• **Exercise**:
Your task is to tally the lines of the listing containing the word "Unisex" and report the figure alone.

• **Supplied records**:
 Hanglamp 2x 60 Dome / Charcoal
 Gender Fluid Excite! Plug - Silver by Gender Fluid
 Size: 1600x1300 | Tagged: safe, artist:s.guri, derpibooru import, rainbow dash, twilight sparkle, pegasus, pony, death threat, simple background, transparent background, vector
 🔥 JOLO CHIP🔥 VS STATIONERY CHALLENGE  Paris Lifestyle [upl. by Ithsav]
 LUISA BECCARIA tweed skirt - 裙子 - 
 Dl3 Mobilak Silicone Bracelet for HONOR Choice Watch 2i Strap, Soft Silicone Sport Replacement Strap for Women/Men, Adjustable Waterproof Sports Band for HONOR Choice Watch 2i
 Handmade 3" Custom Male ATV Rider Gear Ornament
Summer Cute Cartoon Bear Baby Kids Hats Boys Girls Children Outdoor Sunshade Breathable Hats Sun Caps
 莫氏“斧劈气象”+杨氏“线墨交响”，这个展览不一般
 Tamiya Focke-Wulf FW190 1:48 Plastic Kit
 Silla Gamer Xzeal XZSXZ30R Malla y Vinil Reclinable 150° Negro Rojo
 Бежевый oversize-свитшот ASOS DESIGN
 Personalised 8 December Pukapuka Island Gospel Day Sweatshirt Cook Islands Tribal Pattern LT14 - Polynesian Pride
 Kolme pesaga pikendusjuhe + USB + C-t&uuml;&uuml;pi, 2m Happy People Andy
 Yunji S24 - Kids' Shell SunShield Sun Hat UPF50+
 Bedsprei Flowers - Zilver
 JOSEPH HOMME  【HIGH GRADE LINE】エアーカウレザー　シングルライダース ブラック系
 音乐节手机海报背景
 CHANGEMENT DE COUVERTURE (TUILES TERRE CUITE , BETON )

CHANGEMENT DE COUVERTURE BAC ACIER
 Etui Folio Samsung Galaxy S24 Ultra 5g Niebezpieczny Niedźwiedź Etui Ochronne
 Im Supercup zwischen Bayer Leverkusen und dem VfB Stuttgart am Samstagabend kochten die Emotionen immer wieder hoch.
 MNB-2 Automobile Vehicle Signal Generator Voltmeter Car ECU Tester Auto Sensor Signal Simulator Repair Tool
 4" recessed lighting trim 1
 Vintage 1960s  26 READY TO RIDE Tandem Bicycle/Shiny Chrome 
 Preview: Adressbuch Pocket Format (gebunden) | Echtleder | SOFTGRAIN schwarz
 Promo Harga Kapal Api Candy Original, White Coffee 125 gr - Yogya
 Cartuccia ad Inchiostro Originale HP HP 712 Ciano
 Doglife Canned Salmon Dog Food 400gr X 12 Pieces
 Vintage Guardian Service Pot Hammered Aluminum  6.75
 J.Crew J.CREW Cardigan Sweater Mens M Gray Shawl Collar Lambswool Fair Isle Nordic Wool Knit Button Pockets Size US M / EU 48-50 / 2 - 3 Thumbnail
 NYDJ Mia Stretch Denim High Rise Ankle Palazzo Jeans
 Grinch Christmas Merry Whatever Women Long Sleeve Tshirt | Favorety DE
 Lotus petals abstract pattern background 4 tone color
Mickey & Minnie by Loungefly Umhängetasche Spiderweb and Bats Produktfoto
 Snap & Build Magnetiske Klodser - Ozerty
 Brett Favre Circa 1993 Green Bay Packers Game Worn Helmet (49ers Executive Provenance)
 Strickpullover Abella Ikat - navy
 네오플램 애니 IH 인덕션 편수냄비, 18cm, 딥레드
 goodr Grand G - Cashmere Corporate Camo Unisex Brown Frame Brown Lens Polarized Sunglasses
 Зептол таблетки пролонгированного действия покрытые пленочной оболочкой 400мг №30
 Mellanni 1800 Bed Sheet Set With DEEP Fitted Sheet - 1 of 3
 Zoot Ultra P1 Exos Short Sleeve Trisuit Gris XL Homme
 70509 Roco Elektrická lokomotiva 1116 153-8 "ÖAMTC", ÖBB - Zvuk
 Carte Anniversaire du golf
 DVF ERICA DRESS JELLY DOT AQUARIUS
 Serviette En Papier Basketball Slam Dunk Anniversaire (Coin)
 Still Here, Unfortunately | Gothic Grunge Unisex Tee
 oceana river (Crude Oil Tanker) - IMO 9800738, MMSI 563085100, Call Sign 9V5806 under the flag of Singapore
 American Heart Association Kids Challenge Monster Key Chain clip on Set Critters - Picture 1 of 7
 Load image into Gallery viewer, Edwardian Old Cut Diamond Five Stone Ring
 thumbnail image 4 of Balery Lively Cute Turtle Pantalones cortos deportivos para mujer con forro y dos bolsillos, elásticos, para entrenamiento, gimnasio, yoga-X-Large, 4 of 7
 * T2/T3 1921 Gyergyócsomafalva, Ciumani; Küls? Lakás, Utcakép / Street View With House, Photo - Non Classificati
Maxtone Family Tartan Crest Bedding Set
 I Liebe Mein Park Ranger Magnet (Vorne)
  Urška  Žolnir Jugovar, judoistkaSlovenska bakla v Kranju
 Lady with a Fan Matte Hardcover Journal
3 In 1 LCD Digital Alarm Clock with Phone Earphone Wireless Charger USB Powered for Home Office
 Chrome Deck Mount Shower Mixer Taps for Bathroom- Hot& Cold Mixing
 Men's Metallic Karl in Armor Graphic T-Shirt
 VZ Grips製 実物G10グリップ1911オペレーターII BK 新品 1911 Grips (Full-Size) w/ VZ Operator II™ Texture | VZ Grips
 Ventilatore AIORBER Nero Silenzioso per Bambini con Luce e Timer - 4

• **Solved problem**:
2